WHAT YOU WILL DO:
Go through the data line by line from the top, retyping each exactly, and end with the line that contains "Furnished entryway with".

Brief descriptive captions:

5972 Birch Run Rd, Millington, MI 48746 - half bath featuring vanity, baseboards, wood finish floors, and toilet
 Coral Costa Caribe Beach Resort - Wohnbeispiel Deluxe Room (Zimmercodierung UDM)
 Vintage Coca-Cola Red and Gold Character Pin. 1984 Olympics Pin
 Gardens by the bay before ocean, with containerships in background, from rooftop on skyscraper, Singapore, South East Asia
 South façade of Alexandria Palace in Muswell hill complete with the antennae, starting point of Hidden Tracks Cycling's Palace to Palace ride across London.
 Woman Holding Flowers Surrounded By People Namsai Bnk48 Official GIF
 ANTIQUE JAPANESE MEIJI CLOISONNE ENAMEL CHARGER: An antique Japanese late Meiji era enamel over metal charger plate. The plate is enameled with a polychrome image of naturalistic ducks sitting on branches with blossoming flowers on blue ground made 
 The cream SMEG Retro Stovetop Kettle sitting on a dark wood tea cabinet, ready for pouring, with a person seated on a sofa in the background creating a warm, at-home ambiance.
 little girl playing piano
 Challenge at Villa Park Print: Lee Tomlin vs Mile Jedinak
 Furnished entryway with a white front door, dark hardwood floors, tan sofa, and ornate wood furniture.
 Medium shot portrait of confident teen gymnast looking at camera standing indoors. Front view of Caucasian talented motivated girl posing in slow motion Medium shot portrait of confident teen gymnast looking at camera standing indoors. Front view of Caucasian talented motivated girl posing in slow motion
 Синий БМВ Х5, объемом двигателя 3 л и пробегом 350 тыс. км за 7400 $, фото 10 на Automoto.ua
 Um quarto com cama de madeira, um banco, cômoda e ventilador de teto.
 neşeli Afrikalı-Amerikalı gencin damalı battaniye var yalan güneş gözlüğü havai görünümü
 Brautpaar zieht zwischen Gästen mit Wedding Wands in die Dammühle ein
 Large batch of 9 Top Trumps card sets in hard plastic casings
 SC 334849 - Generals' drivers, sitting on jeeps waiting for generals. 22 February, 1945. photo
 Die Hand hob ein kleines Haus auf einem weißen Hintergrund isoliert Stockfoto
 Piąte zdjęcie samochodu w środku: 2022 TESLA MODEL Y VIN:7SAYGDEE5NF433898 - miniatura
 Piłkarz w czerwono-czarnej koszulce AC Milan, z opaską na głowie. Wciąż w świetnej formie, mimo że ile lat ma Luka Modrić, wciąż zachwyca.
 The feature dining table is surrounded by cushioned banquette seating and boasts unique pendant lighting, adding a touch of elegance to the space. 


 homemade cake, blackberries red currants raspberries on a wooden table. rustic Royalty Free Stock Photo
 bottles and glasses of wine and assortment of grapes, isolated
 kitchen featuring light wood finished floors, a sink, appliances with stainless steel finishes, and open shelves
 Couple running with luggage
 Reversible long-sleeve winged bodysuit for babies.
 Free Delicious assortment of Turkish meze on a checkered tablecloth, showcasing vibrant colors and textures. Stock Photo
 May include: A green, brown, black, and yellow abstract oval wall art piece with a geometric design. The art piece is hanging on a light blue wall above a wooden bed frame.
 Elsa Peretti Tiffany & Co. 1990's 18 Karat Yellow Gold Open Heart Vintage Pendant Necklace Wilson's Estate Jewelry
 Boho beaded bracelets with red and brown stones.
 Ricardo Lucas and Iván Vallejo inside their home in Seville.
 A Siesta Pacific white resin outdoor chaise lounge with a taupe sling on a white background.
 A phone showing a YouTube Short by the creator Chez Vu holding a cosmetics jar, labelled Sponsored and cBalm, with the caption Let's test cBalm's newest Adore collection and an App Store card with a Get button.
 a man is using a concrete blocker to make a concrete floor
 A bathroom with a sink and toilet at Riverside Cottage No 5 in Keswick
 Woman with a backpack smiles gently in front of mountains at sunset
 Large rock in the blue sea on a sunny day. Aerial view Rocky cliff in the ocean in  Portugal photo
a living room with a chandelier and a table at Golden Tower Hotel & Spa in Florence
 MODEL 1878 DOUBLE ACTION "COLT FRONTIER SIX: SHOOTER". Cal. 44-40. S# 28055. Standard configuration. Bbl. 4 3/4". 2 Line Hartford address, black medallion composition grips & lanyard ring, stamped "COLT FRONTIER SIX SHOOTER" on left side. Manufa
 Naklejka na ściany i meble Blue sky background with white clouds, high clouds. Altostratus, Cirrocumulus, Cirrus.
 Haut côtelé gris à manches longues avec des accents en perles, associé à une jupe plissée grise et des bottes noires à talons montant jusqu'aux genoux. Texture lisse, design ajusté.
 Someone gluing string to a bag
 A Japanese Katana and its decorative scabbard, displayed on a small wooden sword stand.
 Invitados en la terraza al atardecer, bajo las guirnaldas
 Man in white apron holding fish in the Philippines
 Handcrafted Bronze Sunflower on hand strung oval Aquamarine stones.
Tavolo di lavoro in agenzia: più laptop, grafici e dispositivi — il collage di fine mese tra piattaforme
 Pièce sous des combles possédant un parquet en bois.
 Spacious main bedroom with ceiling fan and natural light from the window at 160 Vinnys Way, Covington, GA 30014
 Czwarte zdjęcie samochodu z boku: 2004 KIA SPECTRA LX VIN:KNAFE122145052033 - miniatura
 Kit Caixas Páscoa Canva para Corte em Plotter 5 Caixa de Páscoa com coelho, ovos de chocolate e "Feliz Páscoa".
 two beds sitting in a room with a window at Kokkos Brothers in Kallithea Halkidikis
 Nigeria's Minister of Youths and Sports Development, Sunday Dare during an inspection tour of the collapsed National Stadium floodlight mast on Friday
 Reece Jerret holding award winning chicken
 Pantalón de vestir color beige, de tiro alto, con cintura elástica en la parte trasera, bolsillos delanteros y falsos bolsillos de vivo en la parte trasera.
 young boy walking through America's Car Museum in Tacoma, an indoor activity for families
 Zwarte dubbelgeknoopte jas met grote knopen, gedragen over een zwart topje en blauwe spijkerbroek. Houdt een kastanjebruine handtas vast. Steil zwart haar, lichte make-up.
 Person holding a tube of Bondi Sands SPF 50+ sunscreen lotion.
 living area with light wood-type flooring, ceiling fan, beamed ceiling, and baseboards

PROBLEM SOLUTION:
5972 Birch Run Rd, Millington, MI 48746 - half bath featuring vanity, baseboards, wood finish floors, and toilet
 Coral Costa Caribe Beach Resort - Wohnbeispiel Deluxe Room (Zimmercodierung UDM)
 Vintage Coca-Cola Red and Gold Character Pin. 1984 Olympics Pin
 Gardens by the bay before ocean, with containerships in background, from rooftop on skyscraper, Singapore, South East Asia
 South façade of Alexandria Palace in Muswell hill complete with the antennae, starting point of Hidden Tracks Cycling's Palace to Palace ride across London.
 Woman Holding Flowers Surrounded By People Namsai Bnk48 Official GIF
 ANTIQUE JAPANESE MEIJI CLOISONNE ENAMEL CHARGER: An antique Japanese late Meiji era enamel over metal charger plate. The plate is enameled with a polychrome image of naturalistic ducks sitting on branches with blossoming flowers on blue ground made 
 The cream SMEG Retro Stovetop Kettle sitting on a dark wood tea cabinet, ready for pouring, with a person seated on a sofa in the background creating a warm, at-home ambiance.
 little girl playing piano
 Challenge at Villa Park Print: Lee Tomlin vs Mile Jedinak
 Furnished entryway with a white front door, dark hardwood floors, tan sofa, and ornate wood furniture.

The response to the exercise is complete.